The high mechanical strength of structurally hardened aluminium alloys is achieved through the fine dispersion of nano-precipitates, which prevent dislocation movement. The combination of high mechanical properties and low density makes these alloys attractive as a replacement for steel in order to reduce the weight of structures in the automotive industry. However, they have poor formability at room temperature, limiting their applications for complex structural parts. In addition, the heat treatments required to achieve their optimal mechanical strength can take several days, making their use uneconomical in the automotive industry. These constraints can be overcome by using warm forming processes. During these warm processes, precipitation occurs at the same time as deformation, which is referred to as dynamic precipitation. The interactions between plastic deformation and precipitates are complex, and the kinetics of precipitation are modified. The result of dynamic precipitation depends on many parameters, such as strain rate, temperature, and precipitation state. Since all these parameters vary during a forming process, it is important to understand quantitatively their influences on precipitation kinetics if one wishes to control the microstructure at the end of the process.

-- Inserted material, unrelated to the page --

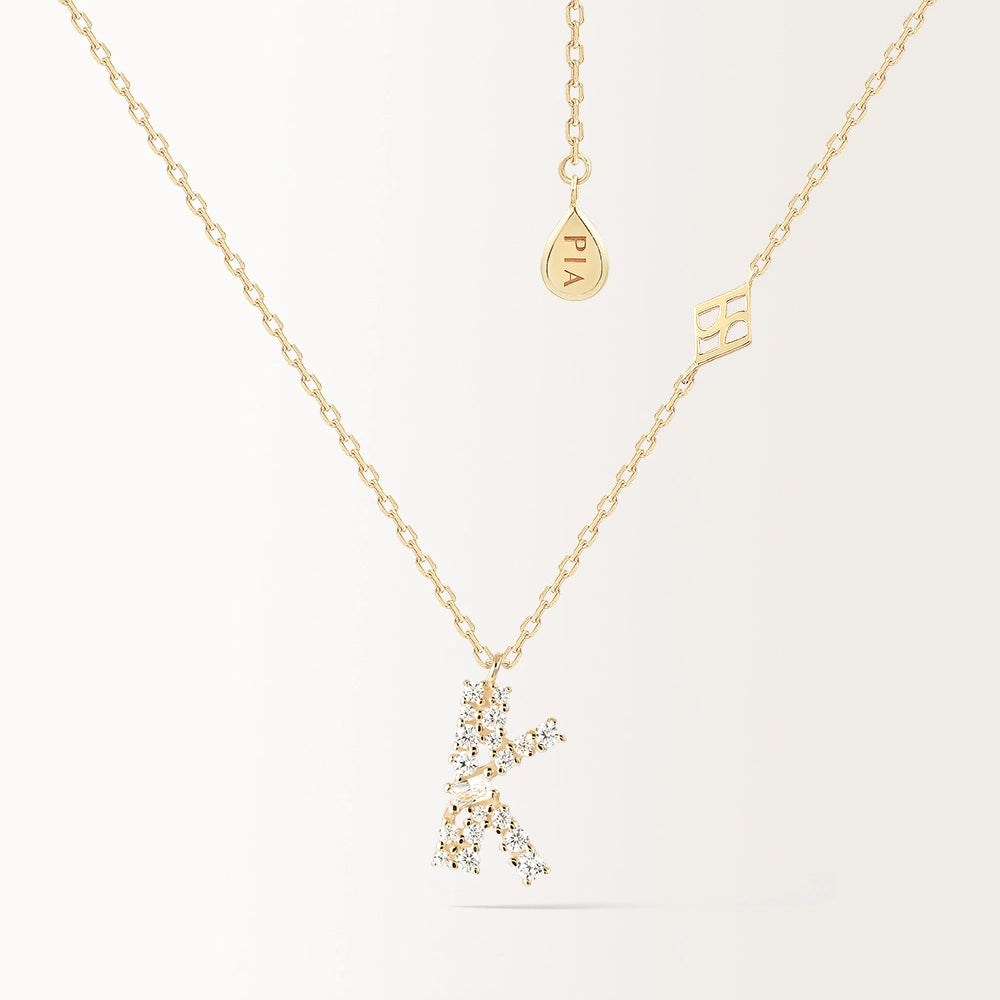 Collier Initiale K en or jaune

The objective of this thesis is to understand the influence of each parameter on dynamic precipitation, covering a wide range of parameters and implementing a quantitative characterisation of the precipitation state. These quantitative data will be useful for developing a predictive model. Small-angle X-ray scattering (SAXS) experiments were performed in situ during tensile tests to quantify the evolution of precipitate distributions during deformation for different temperatures, strain rates, and initial precipitation states. These results were supplemented by transmission electron microscopy (TEM) observations, atomic probe tomography (APT) experiments, and differential scanning calorimetry (DSC) experiments. The effect of dynamic precipitation was studied for two industrial alloys: AA7449 (Al-Zn-Mg-Cu) and AA2219 (Al-Cu). This allowed the influence of deformation to be compared for two different precipitation systems.
This study revealed that deformation of an unstable precipitation state at the deformation temperature considered significantly accelerates the precipitation kinetics for both alloys studied. This effect is explained by the excess vacancies produced during the non-conservative displacement of jogs during plastic deformation. This acceleration is greater when deformation is applied during precipitation than when it is applied before ageing. If more stable precipitation states are deformed, dynamic dissolution is initially observed, which is due to the shearing of precipitates by dislocations. Competition between dynamic dissolution and dynamic precipitation is highlighted. This competition depends on the temperature and strain rate. The effects of dynamic precipitation and dynamic dissolution are incorporated into a precipitation model, allowing the competition between these two phenomena to be reproduced.